I wonder why it is that, though I can trust a human being so completely, I struggle to entrust myself utterly to God. Why, when I begin to worry about something, can I not remember, "It's His responsibility," and trust Him so fully that I forget to be anxious? I sure would enjoy the walk more.
Last night I was struck by the last two verses of Psalm 139, especially the phrase, "Try me and know my anxious thoughts." Why did the psalmist ask God to know his anxious thoughts? Why not his sorrowful thoughts, his perplexed thoughts, his wrong thoughts?
Could it be that David recognized that his anxious thoughts were the keys to the real issues of his life, the things that were important to him?

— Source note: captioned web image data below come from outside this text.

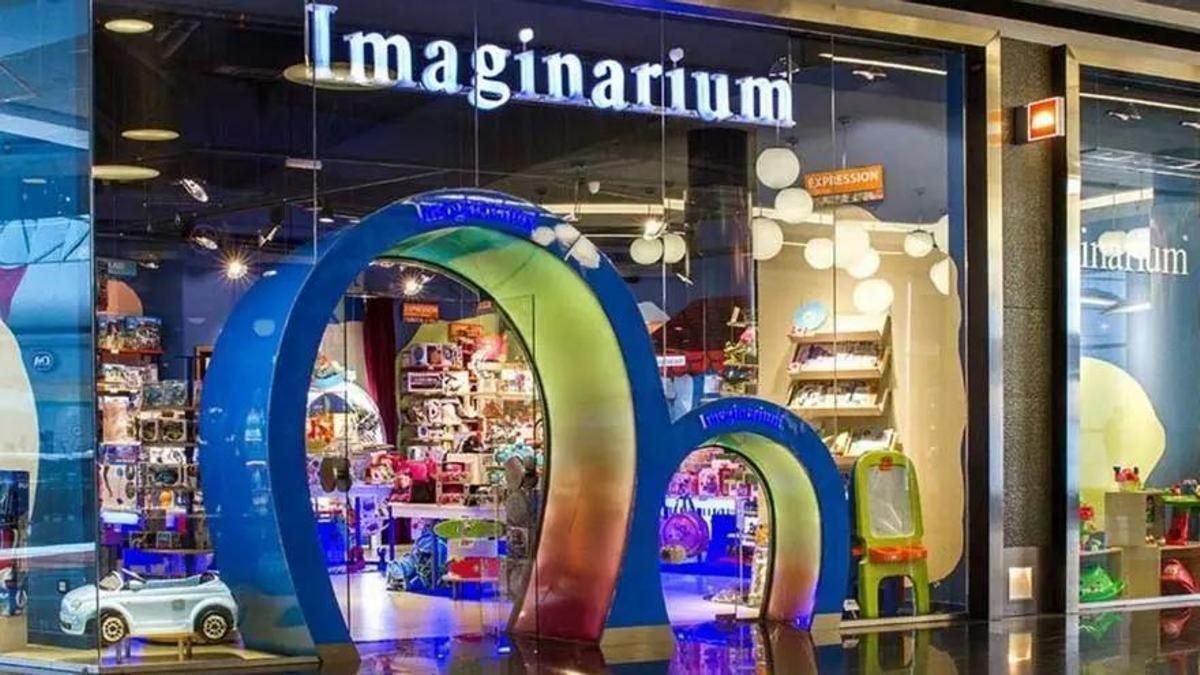 Los icónicos dos arcos de entrada a una tienda de Imaginarium.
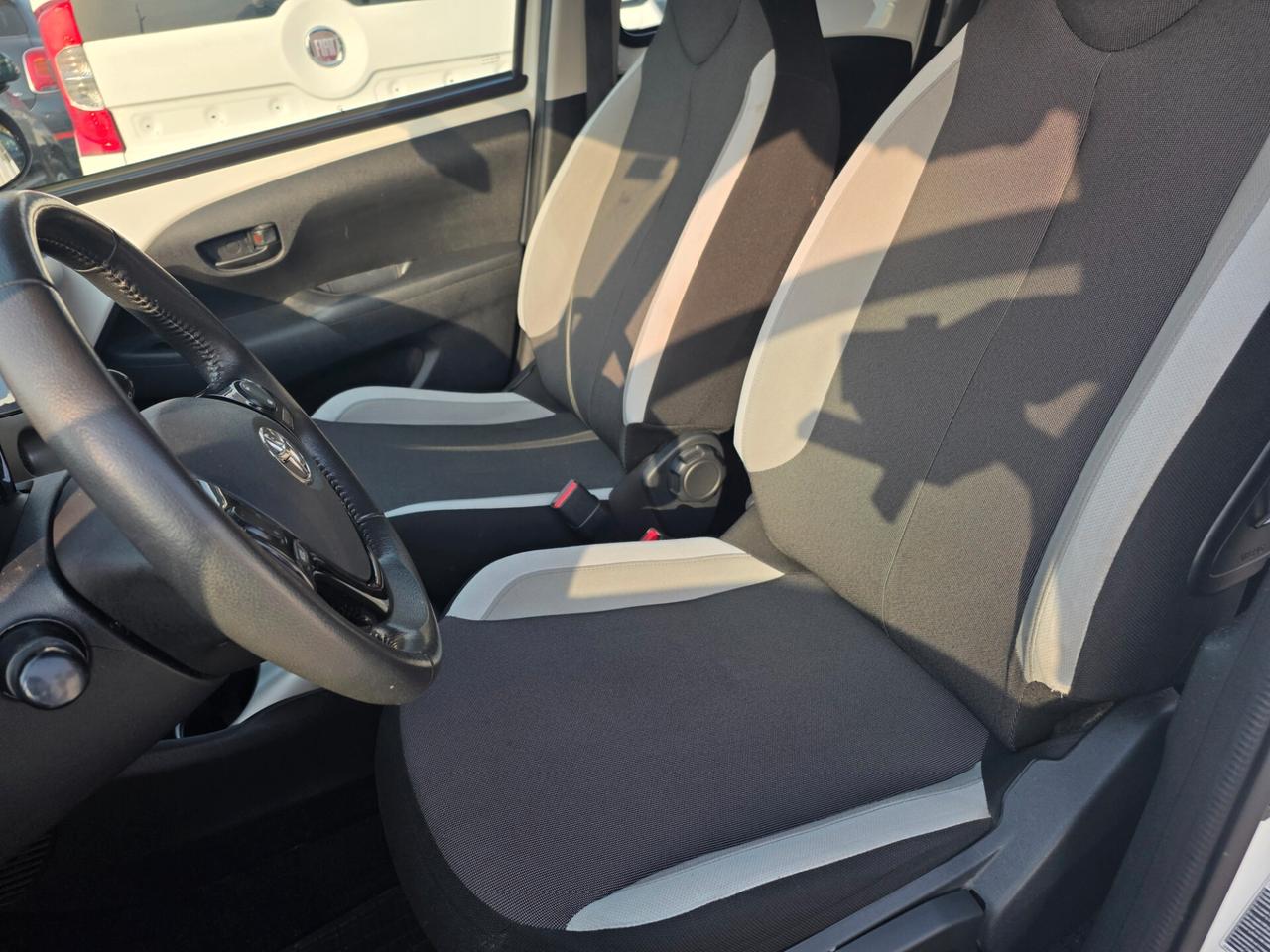 Toyota Aygo 1.0 VVT-i 69 CV 5 porte x-clusiv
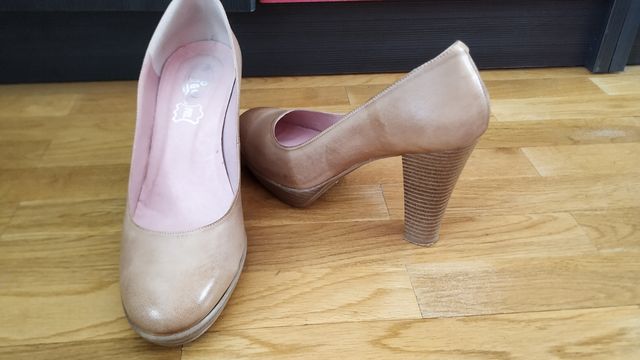 Zapato piel mujer número 39 tacón 10 cm. 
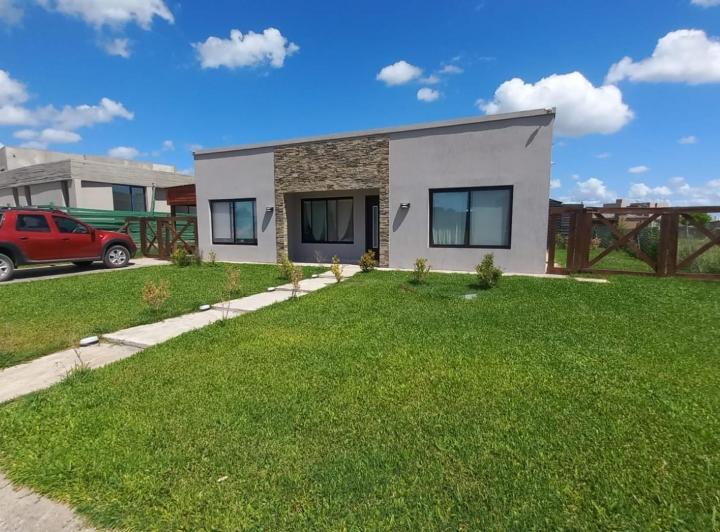 Casa · 130m² · 4 Ambientes · 2 Cocheras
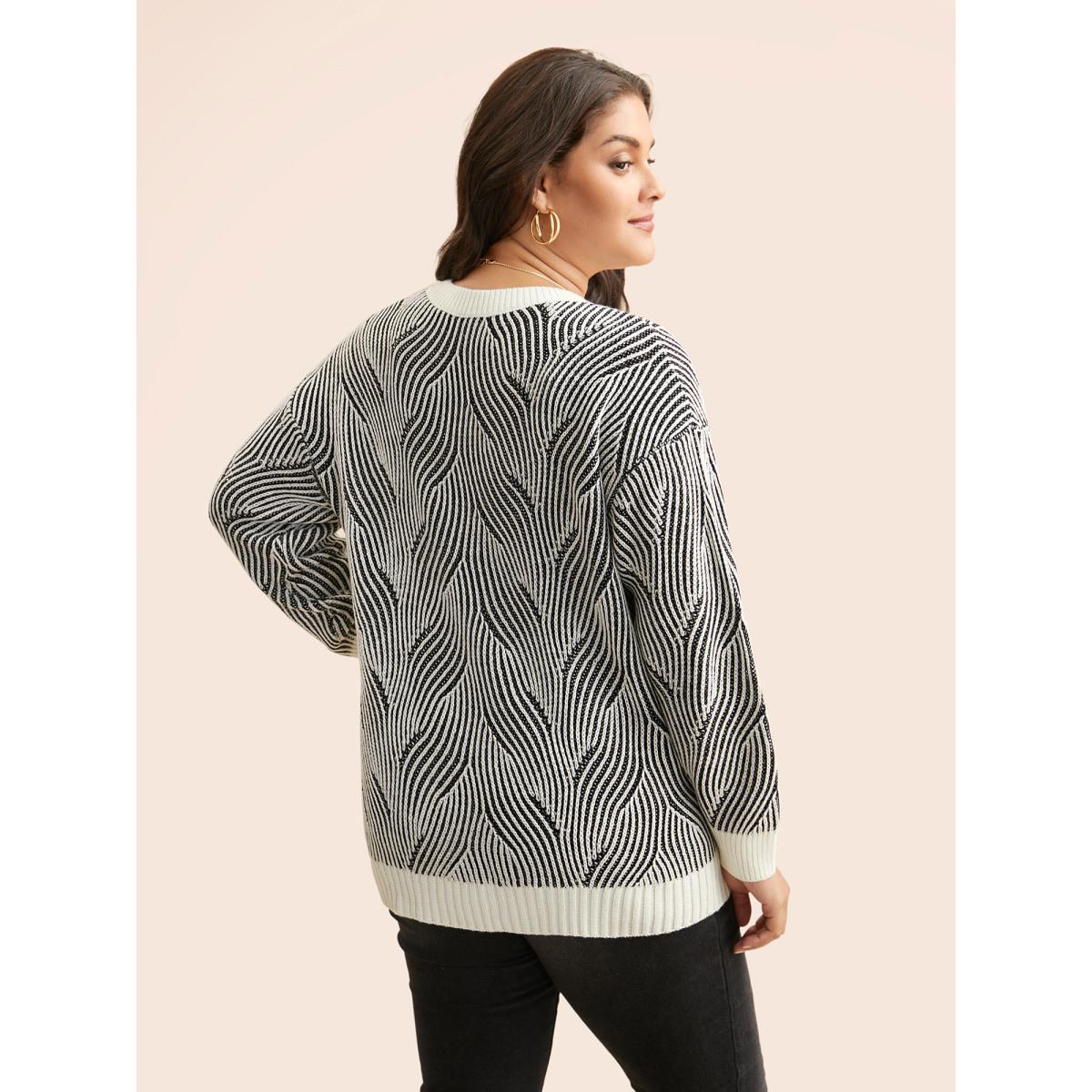 Plus Size Texture Contrast Round Neck Pullover Black Women Casual Loose Long Sleeve Round Neck Everyday Pullovers BloomChic 12/L Product Image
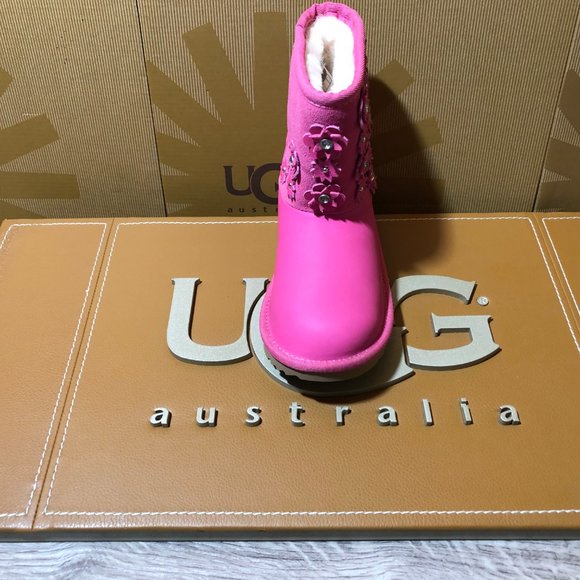 NEW KIDS UGG CLASSIC SHORT II PETALS PINK Toddler/Youth/Womens - Picture 3 of 7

If I want a summary of my priorities, all I have to do is notice the things that I'm being anxious about. Am I anxious for my success, my reputation, my glory, my comfort? Then those are my priorities. Am I anxious for God's glory, for the success of His work, for souls to be saved and Christians to grow in the Lord? Then perhaps those are my priorities. But wait! Does God really want me to be anxious about even those things? True, He wants me to desire the things He desires, and perhaps to have fellowship with Him in sorrowing over the things that break His heart. But has He not also said, "Be anxious for nothing," "casting all your anxiety upon Him, because He cares for you."?
Imagine what it would be like to live with absolutely no anxiety! No anxiety over big things, decisions I must make or challenges I face. No anxiety over little things, how to organize my day, or whether I'll be able to reach the store before it closes. No anxiety over the things that will happen, no anxiety about the things that could happen. No anxiety about the snowstorm that's coming tomorrow, or about the gas prices going up. No anxiety about the direction in which the new administration will take our country. No anxiety about the traffic lights that turn red just before I get to them. No anxiety about what others will think of me. No anxiety about anything.
"But," we find ourselves saying, "I'm not really anxious about those things. Just concerned, trying to be responsible." People who are responsible, make sure that responsibilities are given to the people who can handle them. I can't do a thing about the weather, nor about the traffic lights, nor about the gas prices. And with so many of the other things I get anxious about, there are some actions that I can and should take, but then my job is just to give it to the One Who is ultimately responsible for them. He loves to bear our burdens, and He doesn't need our help to bear His. We can be glad for everything that is beyond our power, because that means that it's His responsibility. We get to simply enjoy the walk!